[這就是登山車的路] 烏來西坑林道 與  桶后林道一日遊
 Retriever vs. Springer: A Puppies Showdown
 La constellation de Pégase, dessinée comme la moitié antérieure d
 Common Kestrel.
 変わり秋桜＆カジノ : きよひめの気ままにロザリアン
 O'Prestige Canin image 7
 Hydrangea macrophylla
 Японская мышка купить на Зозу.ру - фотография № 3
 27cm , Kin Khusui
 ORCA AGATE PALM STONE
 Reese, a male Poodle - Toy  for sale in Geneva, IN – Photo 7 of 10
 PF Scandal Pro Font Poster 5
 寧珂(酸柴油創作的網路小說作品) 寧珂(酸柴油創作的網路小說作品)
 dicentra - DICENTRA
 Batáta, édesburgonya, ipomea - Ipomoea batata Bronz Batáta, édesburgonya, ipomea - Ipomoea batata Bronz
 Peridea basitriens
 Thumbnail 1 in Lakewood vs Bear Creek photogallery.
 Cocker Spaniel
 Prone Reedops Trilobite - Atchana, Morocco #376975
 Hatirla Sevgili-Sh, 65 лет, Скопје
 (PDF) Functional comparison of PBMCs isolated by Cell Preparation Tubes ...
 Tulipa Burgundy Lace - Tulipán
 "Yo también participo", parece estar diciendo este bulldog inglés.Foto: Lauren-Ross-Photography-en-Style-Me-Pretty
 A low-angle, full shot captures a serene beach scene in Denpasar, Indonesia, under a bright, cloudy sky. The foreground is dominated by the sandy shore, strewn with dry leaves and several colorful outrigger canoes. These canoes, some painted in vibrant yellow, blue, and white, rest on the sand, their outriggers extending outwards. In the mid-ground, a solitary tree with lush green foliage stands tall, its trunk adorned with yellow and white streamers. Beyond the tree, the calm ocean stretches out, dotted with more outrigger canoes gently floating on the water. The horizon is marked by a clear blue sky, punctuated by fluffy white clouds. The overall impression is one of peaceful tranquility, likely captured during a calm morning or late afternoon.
^^^^^^^^
» Aim of the exercise
Output the listing above without altering a single character.

» Exercise response
[這就是登山車的路] 烏來西坑林道 與  桶后林道一日遊
 Retriever vs. Springer: A Puppies Showdown
 La constellation de Pégase, dessinée comme la moitié antérieure d
 Common Kestrel.
 変わり秋桜＆カジノ : きよひめの気ままにロザリアン
 O'Prestige Canin image 7
 Hydrangea macrophylla
 Японская мышка купить на Зозу.ру - фотография № 3
 27cm , Kin Khusui
 ORCA AGATE PALM STONE
 Reese, a male Poodle - Toy  for sale in Geneva, IN – Photo 7 of 10
 PF Scandal Pro Font Poster 5
 寧珂(酸柴油創作的網路小說作品) 寧珂(酸柴油創作的網路小說作品)
 dicentra - DICENTRA
 Batáta, édesburgonya, ipomea - Ipomoea batata Bronz Batáta, édesburgonya, ipomea - Ipomoea batata Bronz
 Peridea basitriens
 Thumbnail 1 in Lakewood vs Bear Creek photogallery.
 Cocker Spaniel
 Prone Reedops Trilobite - Atchana, Morocco #376975
 Hatirla Sevgili-Sh, 65 лет, Скопје
 (PDF) Functional comparison of PBMCs isolated by Cell Preparation Tubes ...
 Tulipa Burgundy Lace - Tulipán
 "Yo también participo", parece estar diciendo este bulldog inglés.Foto: Lauren-Ross-Photography-en-Style-Me-Pretty
 A low-angle, full shot captures a serene beach scene in Denpasar, Indonesia, under a bright, cloudy sky. The foreground is dominated by the sandy shore, strewn with dry leaves and several colorful outrigger canoes. These canoes, some painted in vibrant yellow, blue, and white, rest on the sand, their outriggers extending outwards. In the mid-ground, a solitary tree with lush green foliage stands tall, its trunk adorned with yellow and white streamers. Beyond the tree, the calm ocean stretches out, dotted with more outrigger canoes gently floating on the water. The horizon is marked by a clear blue sky, punctuated by fluffy white clouds. The overall impression is one of peaceful tranquility, likely captured during a calm morning or late afternoon.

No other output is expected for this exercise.